A fundamental mission of ITU is to manage the radio-frequency spectrum and satellite orbits. How has your experience prepared you for this mission in the years ahead, and what are your expectations?

Veena Rawat: My 35 years of experience in managing spectrum, satellite orbits and research and development, has given me a real-world perspective on the evolution of information and communication technologies (ICT) and its potential to address many of the greatest challenges of the 21st century.

Whether early in my career as an engineer with the Government of Canada addressing day-to-day radio interference issues, or later, as a senior executive making major policy and regulatory decisions, I’ve had the privilege of helping bring many new communication services to Canadians.

  "We need to ensure that the management of spectrum and satellite orbits by ITU keeps up with the pace of technology development and the explosion of new applications."

Working on the world stage requires strong leadership to ensure that the diverse objectives of all stakeholders are met. My determination and fair-minded approach to global negotiations has demonstrated time and again that common ground and solutions can be found. This was most evident during my chairmanship of the World Radiocommunication Conference in 2003 (WRC-03), which opened the door for billions of dollars of investment in new communication services globally.

Currently, as President of the Communications Research Centre, I manage Canada’s largest public sector ICT research and commercialization institution (400 staff and an annual budget of 50 million Canadian dollars). My experience with leading-edge research has given me an insight into the future directions of wireless technologies and services, as well as the opportunities and challenges they provide. Addressing such opportunities at the international level requires adept management, sound planning and greater collaboration with stakeholders. My proven track record in this respect will help develop an international regulatory framework that is responsive, timely and effective.

Question 2

What trends and issues are emerging today that you feel will have an impact on radiocommunications? And how should ITU respond in order to remain relevant as the crucial place in which critical spectrum matters are decided?

  "For ITU to remain the pre-eminent global organization for spectrum and orbit regulations, its key challenge is to address the demand for spectrum and the challenges of digital convergence."
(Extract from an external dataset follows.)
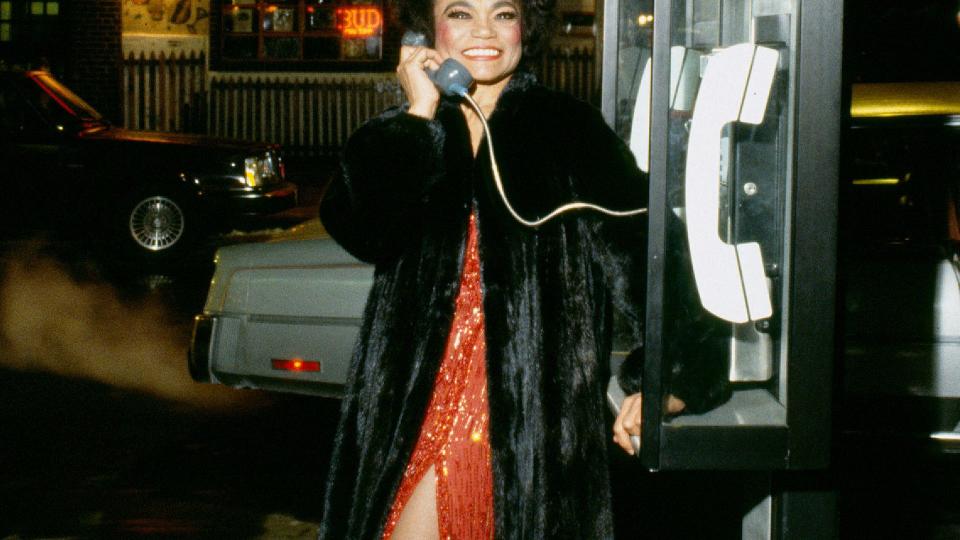 Eartha Kitt, December 12, 1982.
Veena Rawat: The key trends are: increasing demand for low cost, high data rate mobile services (for example, mobile Internet, video and multimedia); converged networks-based infrastructure; rapidly evolving industry structures; relentless trend towards e-everything; increased need for privacy and security; and, managing environmental impacts.

The rapidly emerging mobile Internet economy — and the supporting infrastructure it will require — is a good example of the above trends. A key role for ITU will lie in meeting the growing demand for spectrum and orbital resources, and harmonizing spectrum to the maximum extent possible through regulations and standards. At the same time, these rules must address the needs of developing countries in order to provide the flexibility they require to introduce wireless solutions when they need them and at a cost that is manageable.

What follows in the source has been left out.